Keep every word of the listing and drop the images when you write it out.

*** DATASET SECTION Section Begins ***

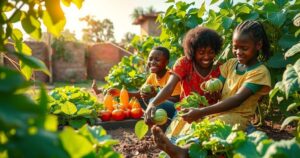 Dramatic urban landscape transformed into a vibrant scene of community garden in Kenya, showcasing hope and resilience.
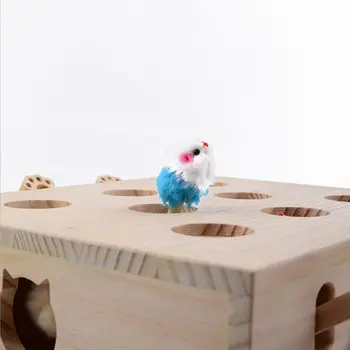 Pet Žiurkėnas Kačių Medžioklės Žaislas su 5 skylių Pelės Skylė Kačių Sugauti Bite Interaktyvūs Žaislai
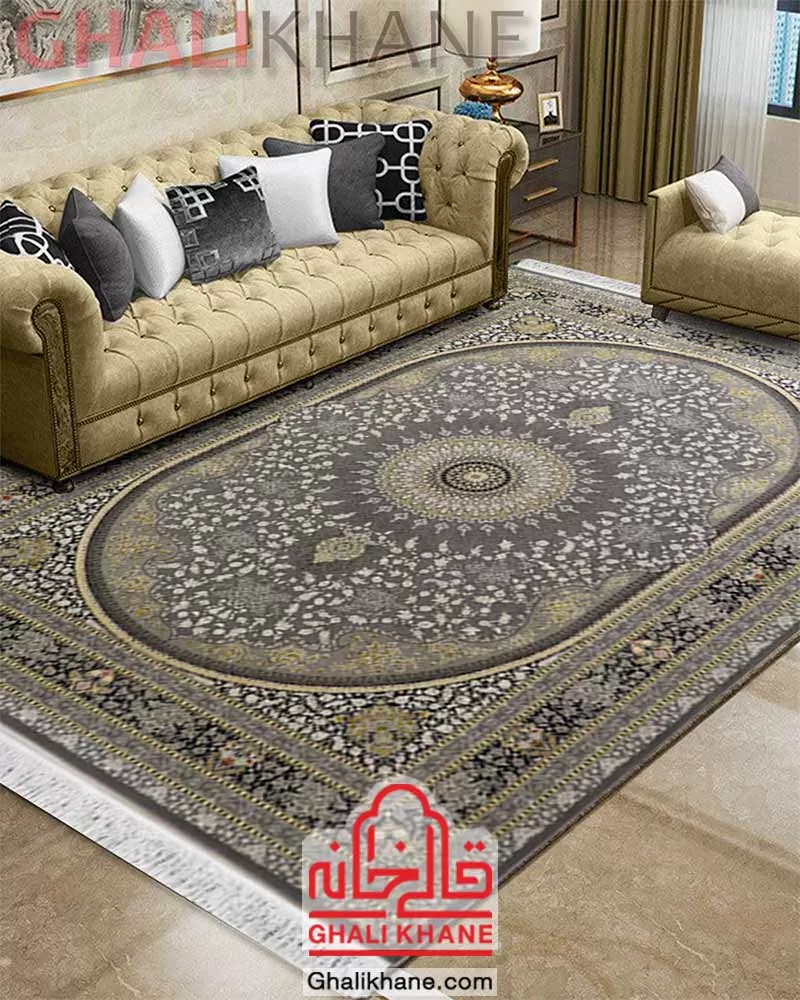 فرش زمرد مشهد 1200 شانه کد 23005 آبی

*** DATASET SECTION Section Ends ***

OUTPUT OF THE TASK
 Dramatic urban landscape transformed into a vibrant scene of community garden in Kenya, showcasing hope and resilience.
 Pet Žiurkėnas Kačių Medžioklės Žaislas su 5 skylių Pelės Skylė Kačių Sugauti Bite Interaktyvūs Žaislai
 فرش زمرد مشهد 1200 شانه کد 23005 آبی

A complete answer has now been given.